::: Data excerpts

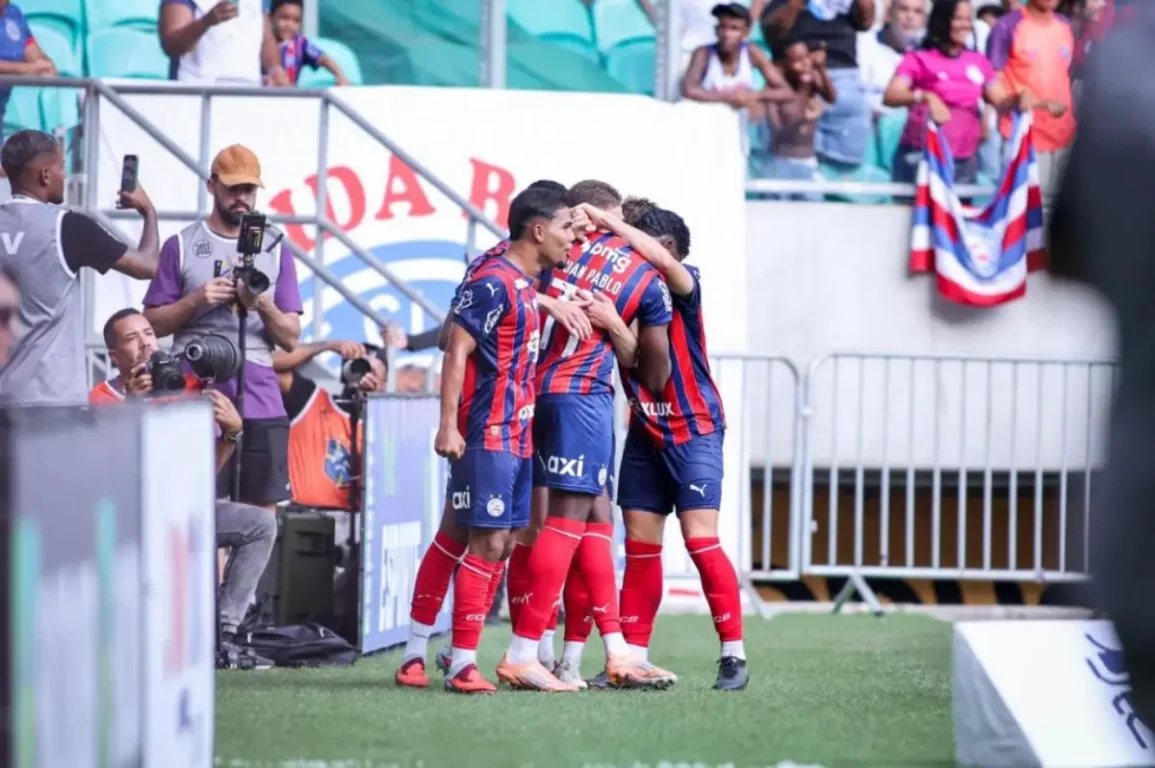 Bahia vence o Jequié por 4 a 2 e inicia Baianão 2026 com triunfo na Fonte Nova Bahia vence o Jequié por 4 a 2 e inicia Baianão 2026 com triunfo na Fonte Nova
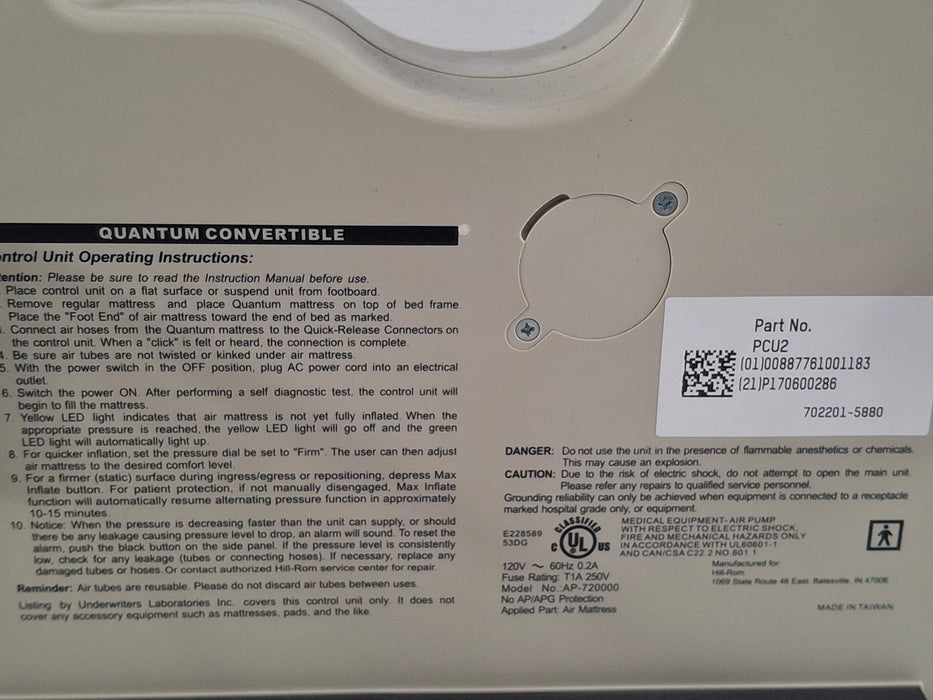 Encompass AccuMax Quantum Convertible Pressure Relief System Control Unit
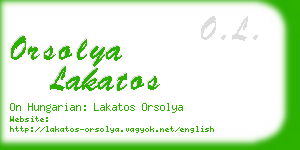 orsolya lakatos business card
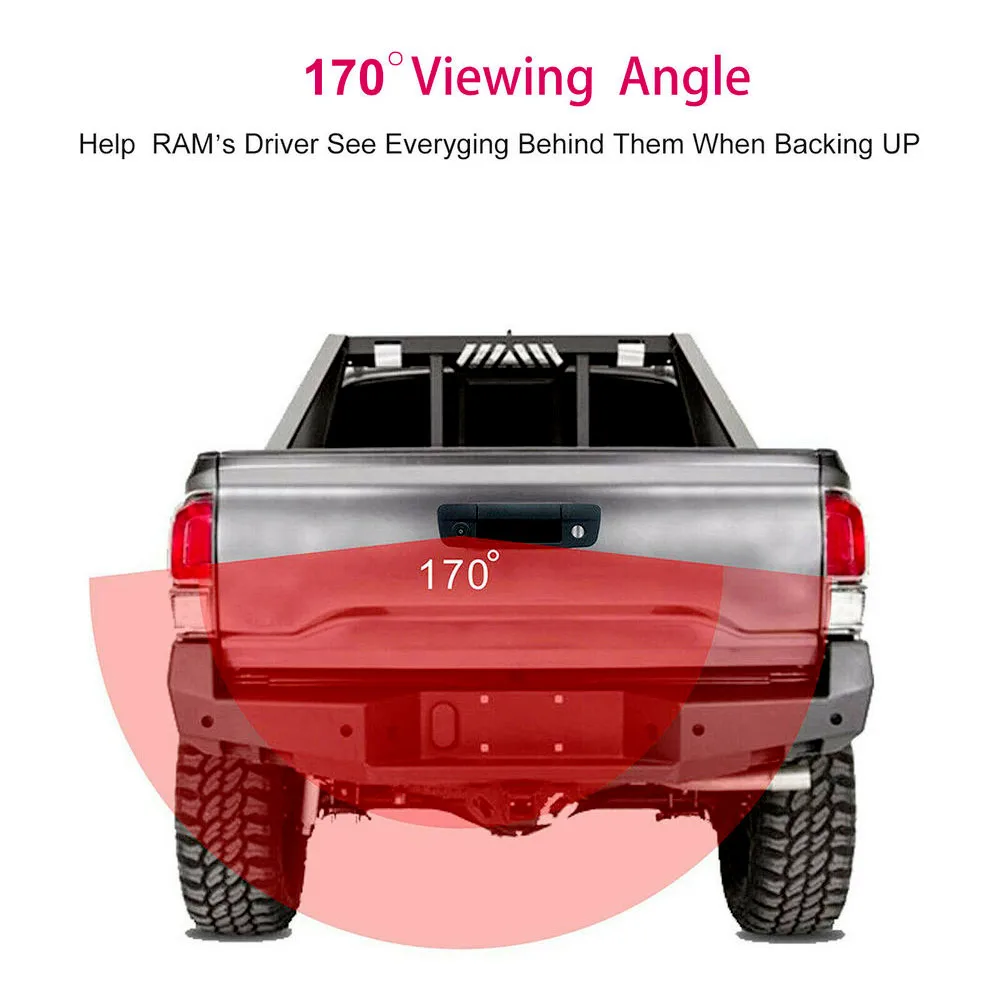 

Brand New For RAM 1500 2013 - 2020 Hatch Door Handle Handle 100% Brand New Black Door Handle Hatch Rear Tailgate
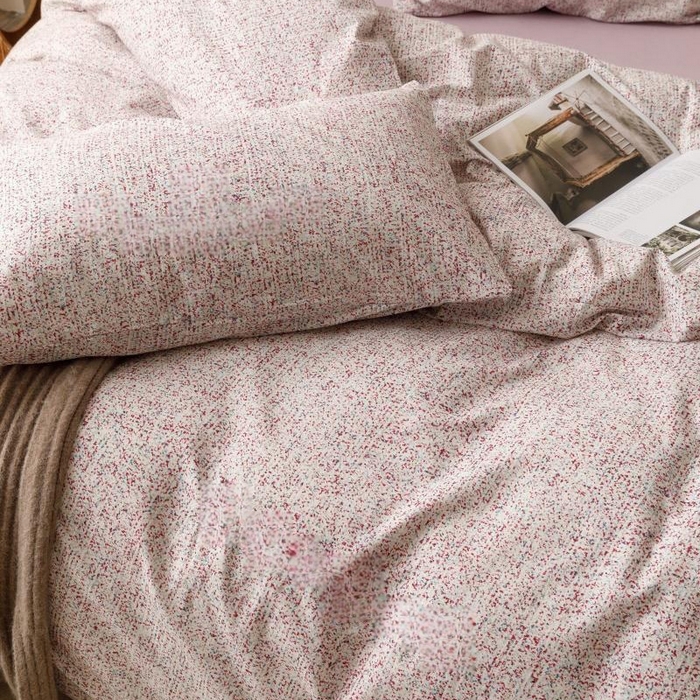 91家纺网 家纺一手货源 找家纺 棉生活家纺 2025新款北欧简约全棉磨毛四件套 暖光-紫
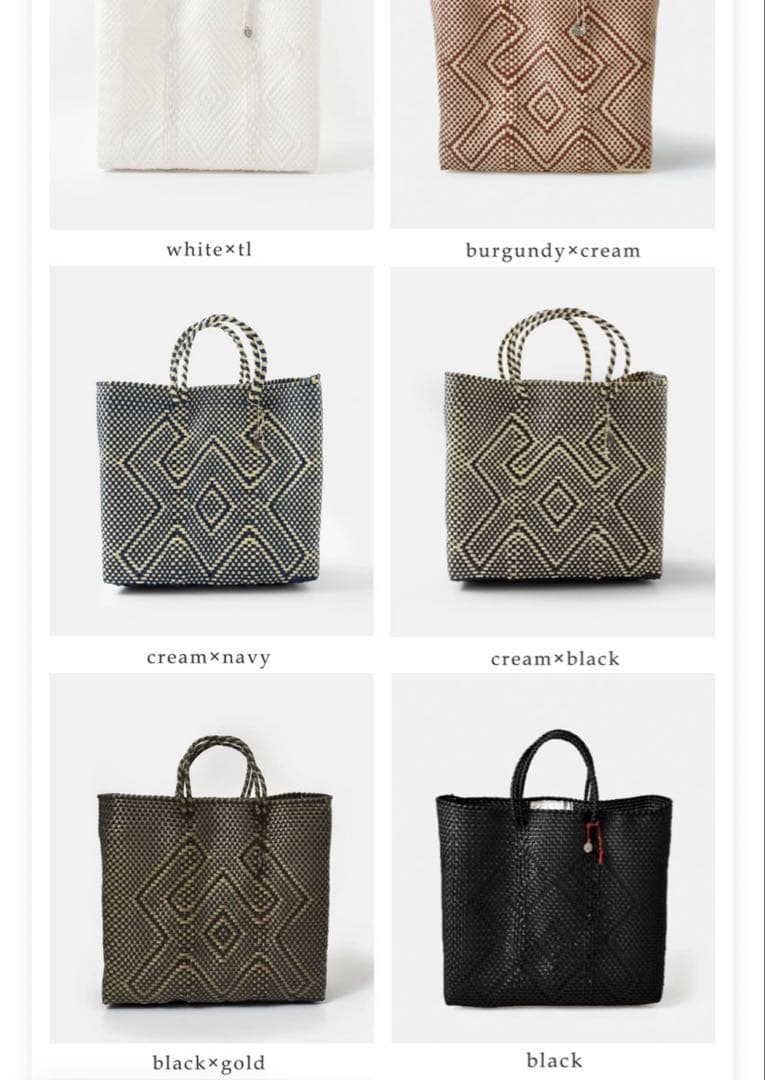 OJO DE MEX オホ デ メックス メルカドバッグ チャーム付き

::::::

Repeat only the lines from the one holding "orsolya lakatos business card" through the last line of the data, inclusive. Keep the pictures out.

 orsolya lakatos business card

Brand New For RAM 1500 2013 - 2020 Hatch Door Handle Handle 100% Brand New Black Door Handle Hatch Rear Tailgate
 91家纺网 家纺一手货源 找家纺 棉生活家纺 2025新款北欧简约全棉磨毛四件套 暖光-紫
 OJO DE MEX オホ デ メックス メルカドバッグ チャーム付き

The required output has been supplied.